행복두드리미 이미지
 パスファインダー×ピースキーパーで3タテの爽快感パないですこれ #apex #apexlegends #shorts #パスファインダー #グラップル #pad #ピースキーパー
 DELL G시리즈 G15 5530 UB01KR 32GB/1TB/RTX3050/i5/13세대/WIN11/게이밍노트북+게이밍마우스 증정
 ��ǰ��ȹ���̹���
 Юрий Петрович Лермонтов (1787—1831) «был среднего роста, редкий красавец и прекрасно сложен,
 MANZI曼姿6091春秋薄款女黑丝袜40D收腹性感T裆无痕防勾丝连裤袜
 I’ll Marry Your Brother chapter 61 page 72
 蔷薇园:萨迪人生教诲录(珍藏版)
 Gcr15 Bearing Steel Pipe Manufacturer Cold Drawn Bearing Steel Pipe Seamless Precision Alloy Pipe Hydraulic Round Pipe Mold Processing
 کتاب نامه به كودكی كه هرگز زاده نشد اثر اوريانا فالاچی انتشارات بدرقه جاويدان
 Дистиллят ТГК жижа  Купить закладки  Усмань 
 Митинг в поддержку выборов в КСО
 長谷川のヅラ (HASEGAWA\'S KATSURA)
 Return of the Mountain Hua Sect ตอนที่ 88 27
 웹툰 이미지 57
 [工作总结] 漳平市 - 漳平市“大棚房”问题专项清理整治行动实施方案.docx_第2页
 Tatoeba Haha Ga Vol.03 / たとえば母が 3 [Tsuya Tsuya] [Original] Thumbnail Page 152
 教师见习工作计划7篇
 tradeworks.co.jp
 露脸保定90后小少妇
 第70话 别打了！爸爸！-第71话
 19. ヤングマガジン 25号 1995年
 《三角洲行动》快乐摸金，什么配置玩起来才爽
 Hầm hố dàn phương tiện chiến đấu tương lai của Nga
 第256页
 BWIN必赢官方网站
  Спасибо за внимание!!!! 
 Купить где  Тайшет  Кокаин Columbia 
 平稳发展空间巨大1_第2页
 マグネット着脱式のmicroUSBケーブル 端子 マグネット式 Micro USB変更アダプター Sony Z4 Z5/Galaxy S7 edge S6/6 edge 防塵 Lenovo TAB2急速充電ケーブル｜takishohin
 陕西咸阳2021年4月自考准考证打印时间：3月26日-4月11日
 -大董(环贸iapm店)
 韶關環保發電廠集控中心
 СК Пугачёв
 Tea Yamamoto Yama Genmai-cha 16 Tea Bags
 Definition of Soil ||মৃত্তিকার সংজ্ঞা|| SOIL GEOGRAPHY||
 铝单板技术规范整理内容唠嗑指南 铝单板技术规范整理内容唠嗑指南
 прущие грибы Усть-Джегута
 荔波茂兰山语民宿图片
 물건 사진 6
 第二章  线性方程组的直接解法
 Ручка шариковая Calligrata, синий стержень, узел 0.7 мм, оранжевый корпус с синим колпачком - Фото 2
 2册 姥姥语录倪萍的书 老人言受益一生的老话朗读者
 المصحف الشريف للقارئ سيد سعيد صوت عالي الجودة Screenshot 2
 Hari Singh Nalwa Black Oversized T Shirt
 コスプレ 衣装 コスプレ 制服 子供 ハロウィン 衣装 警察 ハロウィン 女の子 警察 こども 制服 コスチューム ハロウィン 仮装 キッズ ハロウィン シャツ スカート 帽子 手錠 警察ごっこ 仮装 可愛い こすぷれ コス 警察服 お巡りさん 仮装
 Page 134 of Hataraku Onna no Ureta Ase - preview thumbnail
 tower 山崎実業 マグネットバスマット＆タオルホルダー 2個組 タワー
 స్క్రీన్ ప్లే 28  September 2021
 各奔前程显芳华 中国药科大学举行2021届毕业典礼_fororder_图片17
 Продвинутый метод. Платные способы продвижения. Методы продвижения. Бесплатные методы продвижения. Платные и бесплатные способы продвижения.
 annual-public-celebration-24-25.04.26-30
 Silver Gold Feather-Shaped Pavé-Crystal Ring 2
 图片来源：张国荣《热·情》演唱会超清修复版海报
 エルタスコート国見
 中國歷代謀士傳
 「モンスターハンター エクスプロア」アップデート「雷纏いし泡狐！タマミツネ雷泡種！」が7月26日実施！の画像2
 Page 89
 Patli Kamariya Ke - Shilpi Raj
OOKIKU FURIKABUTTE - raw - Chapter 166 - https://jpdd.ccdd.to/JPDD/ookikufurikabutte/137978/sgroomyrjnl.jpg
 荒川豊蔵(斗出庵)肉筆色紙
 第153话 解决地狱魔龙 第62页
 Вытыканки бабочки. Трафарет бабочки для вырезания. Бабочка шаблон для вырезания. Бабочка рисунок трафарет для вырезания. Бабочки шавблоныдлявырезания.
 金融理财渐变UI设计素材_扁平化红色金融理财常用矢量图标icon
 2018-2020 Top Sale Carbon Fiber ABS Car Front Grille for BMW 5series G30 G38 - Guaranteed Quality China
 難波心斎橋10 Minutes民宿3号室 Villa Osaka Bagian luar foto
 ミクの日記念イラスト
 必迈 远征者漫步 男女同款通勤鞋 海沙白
========================================================================
Starting at the first line of the records above, please copy each line exactly until you reach the line containing "蔷薇园:萨迪人生教诲录(珍藏版)". Include that line and stop there.

Task result
행복두드리미 이미지
 パスファインダー×ピースキーパーで3タテの爽快感パないですこれ #apex #apexlegends #shorts #パスファインダー #グラップル #pad #ピースキーパー
 DELL G시리즈 G15 5530 UB01KR 32GB/1TB/RTX3050/i5/13세대/WIN11/게이밍노트북+게이밍마우스 증정
 ��ǰ��ȹ���̹���
 Юрий Петрович Лермонтов (1787—1831) «был среднего роста, редкий красавец и прекрасно сложен,
 MANZI曼姿6091春秋薄款女黑丝袜40D收腹性感T裆无痕防勾丝连裤袜
 I’ll Marry Your Brother chapter 61 page 72
 蔷薇园:萨迪人生教诲录(珍藏版)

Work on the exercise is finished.